YOUR ASSIGNMENT -> Starting at the line below with "2020 Nissan Pathfinder Sl - Image 2" and stopping at the line with "2023 Tesla Model 3 Performance", please print each line exactly, those two included, and skip every picture.

___ EXTRACTED DATA ___

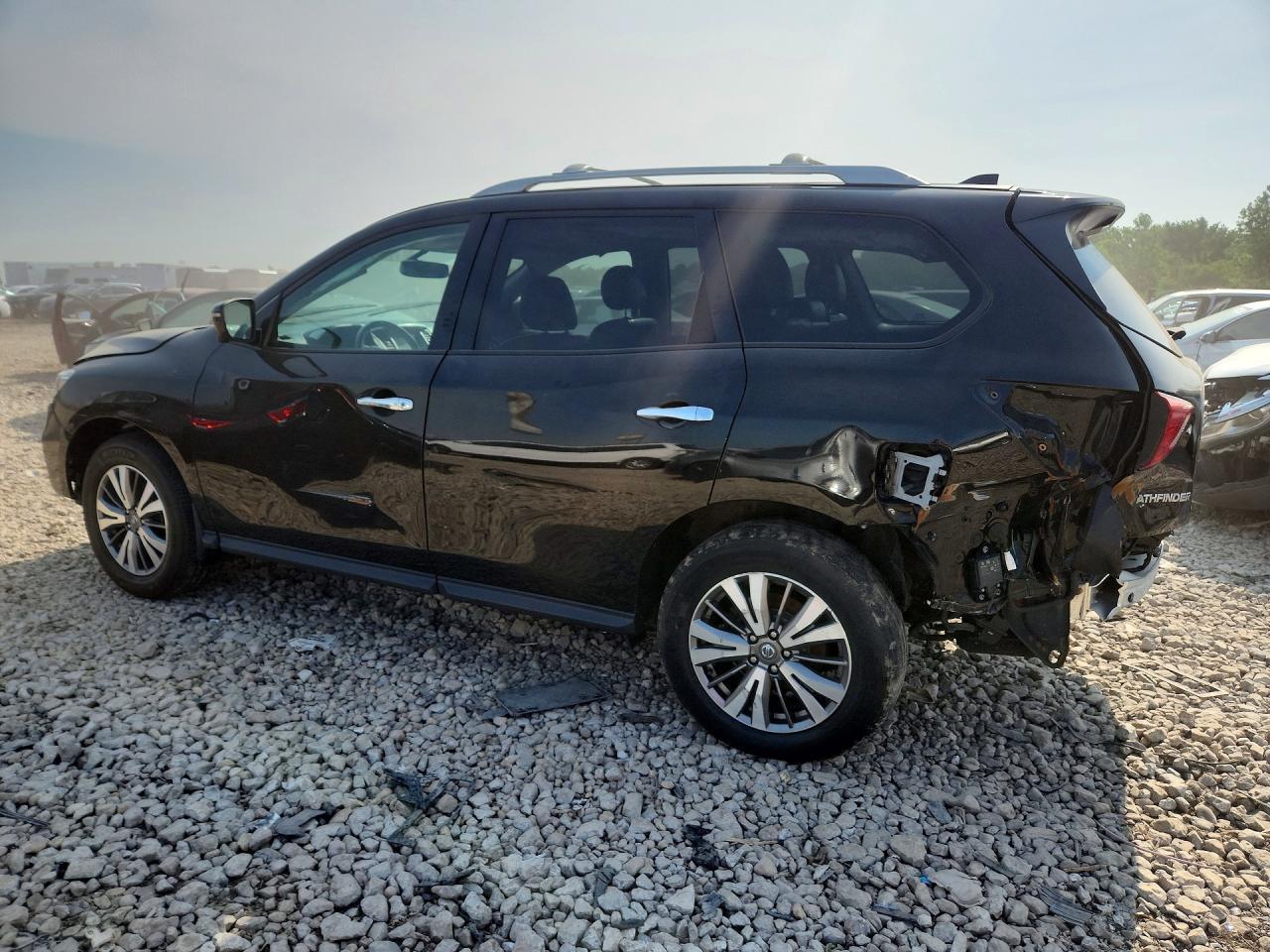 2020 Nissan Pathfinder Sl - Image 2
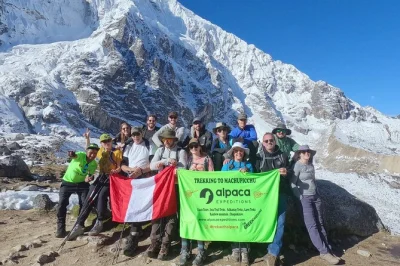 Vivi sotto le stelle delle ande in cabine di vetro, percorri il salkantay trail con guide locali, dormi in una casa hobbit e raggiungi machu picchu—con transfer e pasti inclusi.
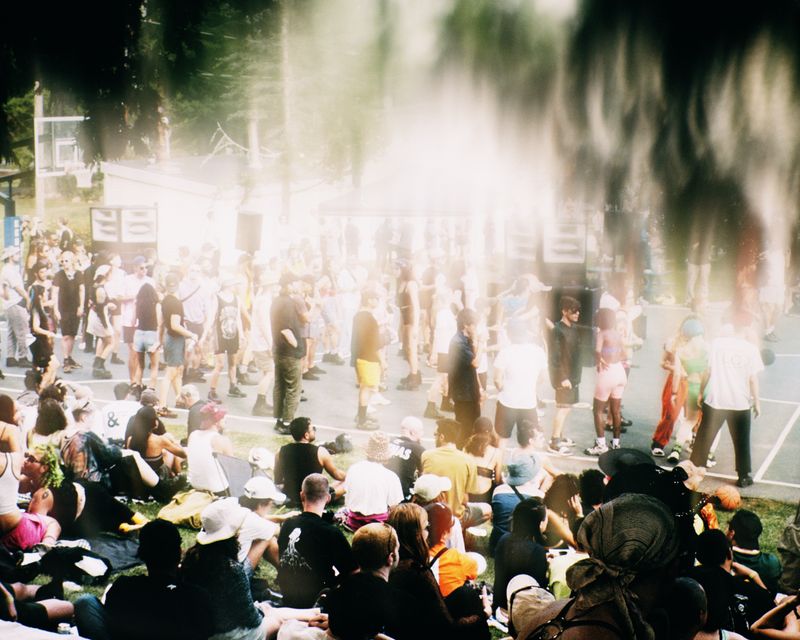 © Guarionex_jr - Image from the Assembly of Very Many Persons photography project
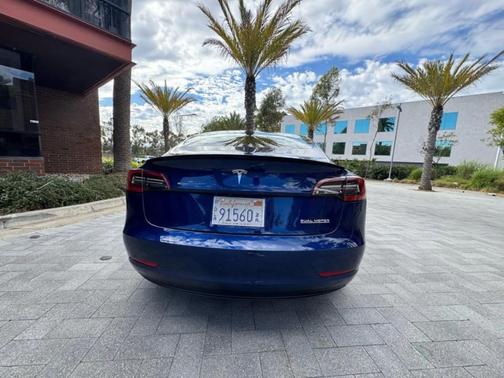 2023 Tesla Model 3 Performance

___
___ EXTRACTED DATA ___

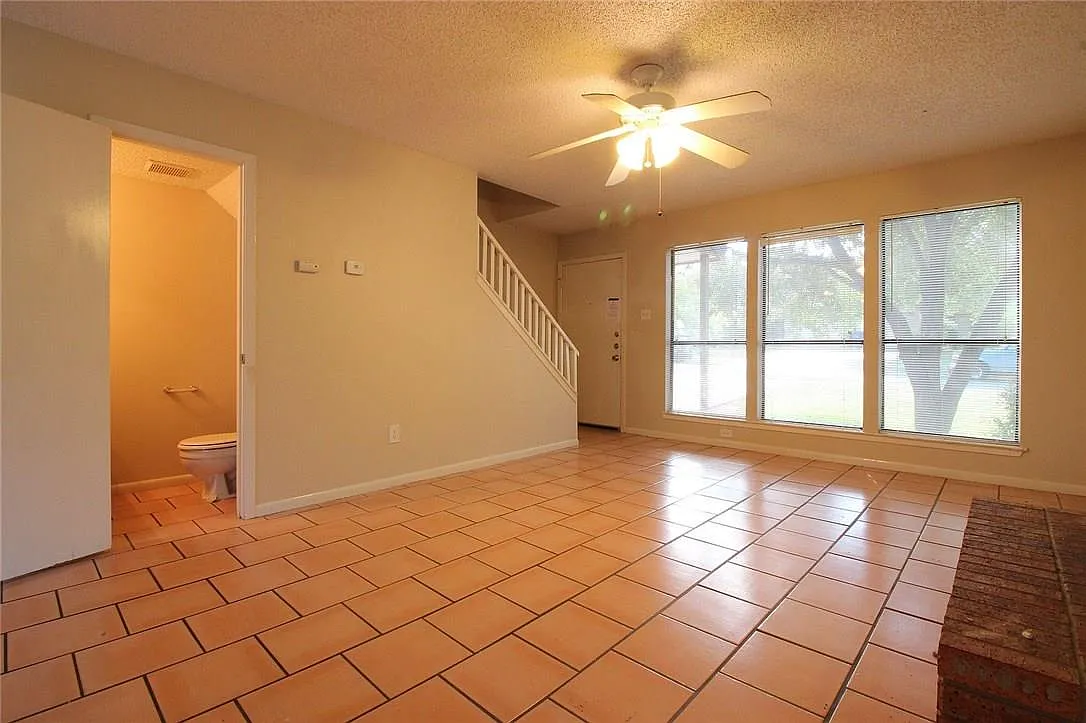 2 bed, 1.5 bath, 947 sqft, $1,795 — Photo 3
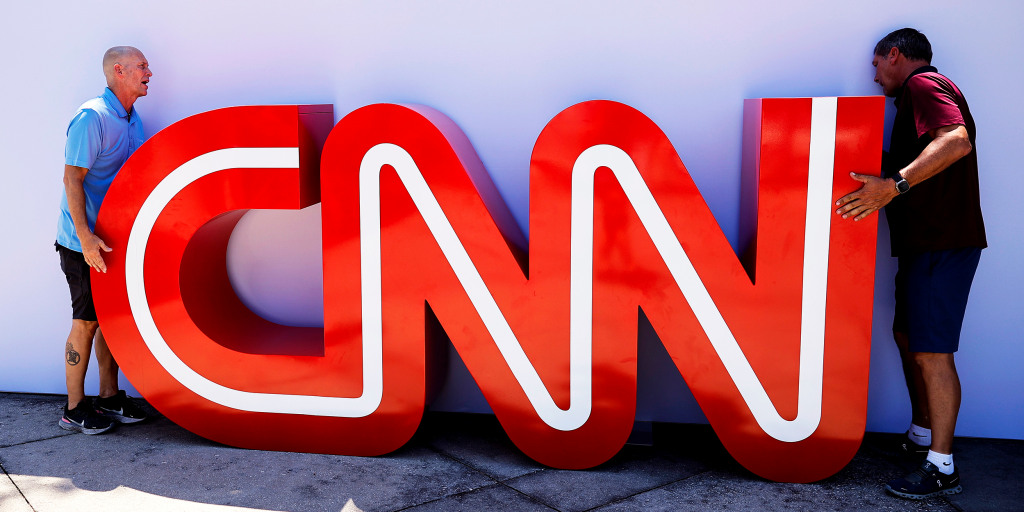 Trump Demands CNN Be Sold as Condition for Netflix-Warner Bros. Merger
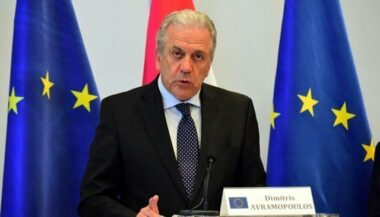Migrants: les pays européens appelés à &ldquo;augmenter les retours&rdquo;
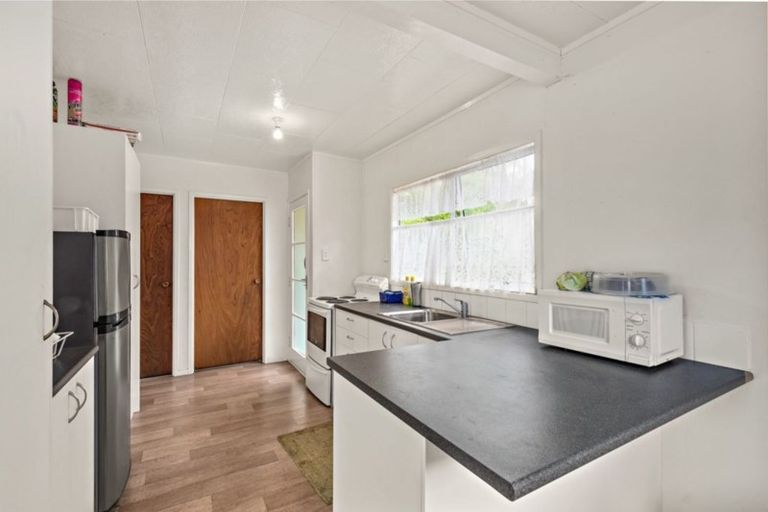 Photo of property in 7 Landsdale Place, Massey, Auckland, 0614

___

ANSWER SPACE ->
 2020 Nissan Pathfinder Sl - Image 2
 Vivi sotto le stelle delle ande in cabine di vetro, percorri il salkantay trail con guide locali, dormi in una casa hobbit e raggiungi machu picchu—con transfer e pasti inclusi.
 © Guarionex_jr - Image from the Assembly of Very Many Persons photography project
 2023 Tesla Model 3 Performance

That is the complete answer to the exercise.